8 tablespoons lemon juice (fresh!)
7 cups blackberries
4 cups granulated white sugar
2 tbsp grated apple peel (really pack it in there!)
1 apple, chopped into inch-sized chunks, with the peel on
Follow directions above, share, enjoy!
Zingy Blueberry Jam
Yields about 4 cups of jam.
This one was easy for me to think of. I’ve recently become addicted to blueberries, and have always loved juicy nectarines, so the two together, I thought would make a nice contrast, with the addition of lemon zest, to add some texture, along with the punchy flavour of the juice that lightened up the whole thing. This recipe actually drove me crazy, because of the acidity/sugar level of blueberries, and after 3 or 4 sheeting and plate tests I threw in some apple cores to cause the jam to set, and release a little apple juice. My poor boss, whose house is covered in tax receipt paperwork, also happens to be a fantastic pastry connoisseur, so she received a jar of this, as she probably has lots of wonderful treats to smear it on at home. Who couldn’t use a little happiness in a jar?
5 cups blueberries
1 cup chopped nectarine, with the skin on (try 1-inch chunks)
4 cups sugar
2 tbsp grated lemon zest (pack it in, and use the big grater. Tiny wisps will disappear! )
4 tbsp lemon juice (fresh!)
2 apple cores (de-seeded)
Follow directions above, with blueberries in place of blackberries, nectarine in place of apple, and as soon as you add the sugar in and melt it all down, throw in the zest, juice, and cores. Remove the cores before jarring, of course, as soon as the jam gets pretty jam-like.
- When buying jars, you have to rip open the packages and inspect all the lids, jars and bands. I had to make two trips back to stores to return jars because after taking them home, I discovered that some bands were dented, or there were chips in the jar mouths, all of which could result in improper sealing. Not only were staff less helpful than I hoped that they would be, when I had to look for jars to exchange, the size I needed were all gone, aah! If store staff ask what you’re doing, tell them (very nicely) that you just want to ensure that you don’t have to make a frustrating trip back, because your friend did. Also, don’t buy used jars. They could have hairline cracks or other problems that you can’t see, in case the previous owner dinged them by accident.

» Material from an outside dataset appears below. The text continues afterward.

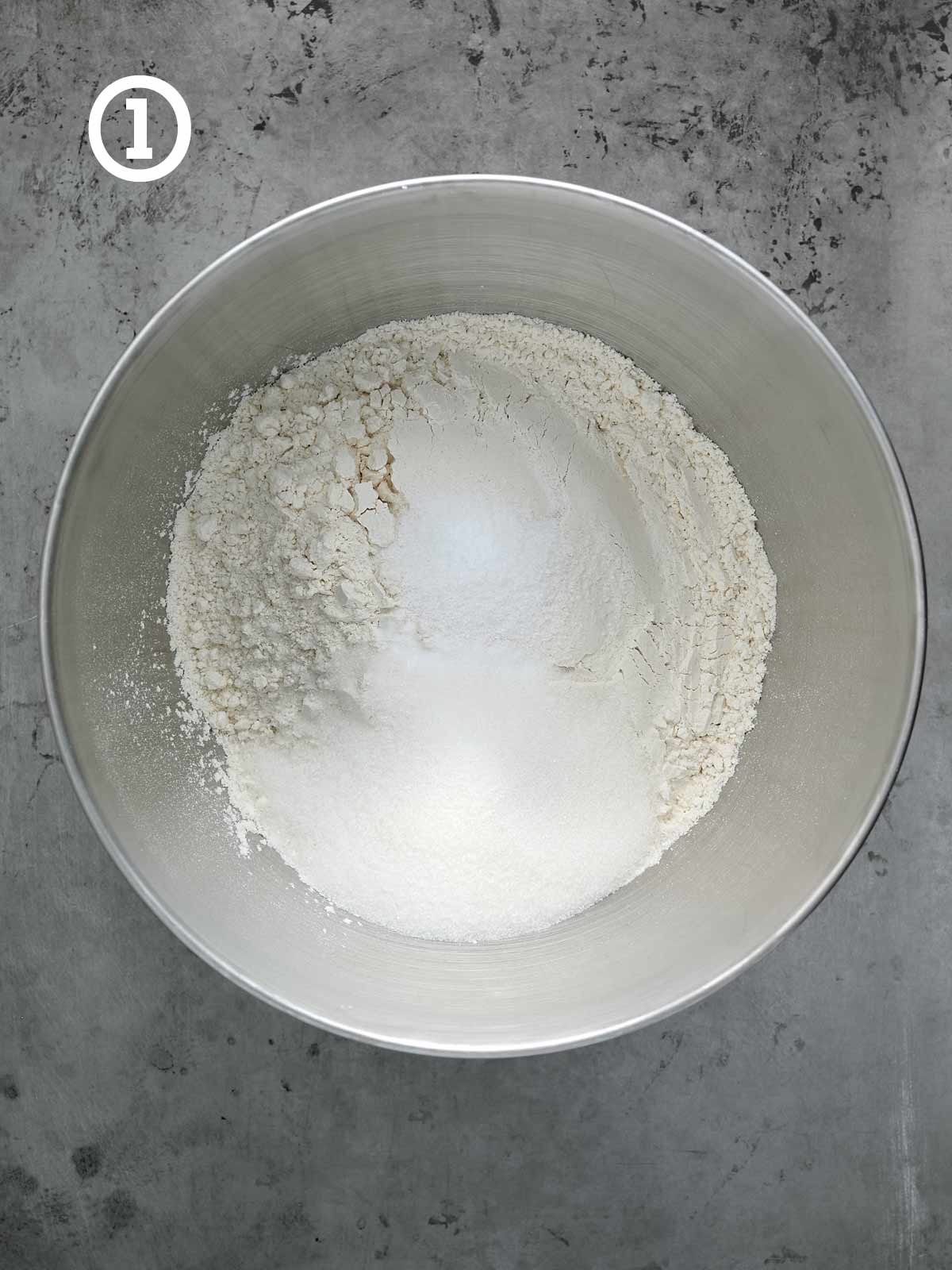 Flour sugar, salt, and baking soda in a bowl on a concrete surface.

- Have everything ready ahead of time. I ain’t kidding. It was different for me, because I was experimenting with these recipes, and thought I had enough of everything ready, but ended up grating, chopping, and juicing like a madwoman to see these things through when the recipes needed a little more of this or that.
- Don’t cheap out on sub-par equipment or produce, and really do your homework if you plan to become a mad food scientist in order to crank out some monster creations like I did. You don’t want anybody to become sick!
- Read the links that I provided earlier on here. They were really helpful to me, especially Pick Your Own, and another, Ball’s Fresh Preserving. Looking at the websites from jar companies, like Ball, Mason and Bernardin, From reading so many different sites, books, and guidelines, I have noticed that some of them have differences, like times for boiling (10 minutes at sea level seems to be a popular answer from lots of reputable sources), things to add (some lean toward more acid as a preservative, some lean toward waaaay more sugar), but you will be able to figure it out. If canning is something that you hope to try more than once, the research is definitely worth it!
- Don’t boil your stuff for too long.
- Don’t burn yourself! Seriously.
I hope this has been a helpful post for you guys. It’s been two weeks, and I’ve already made jam, tomato sauce, fruit butters, and other things, so if anyone wants to show up at my place with baguettes and cheese, I’m more than happy to pop open a jar!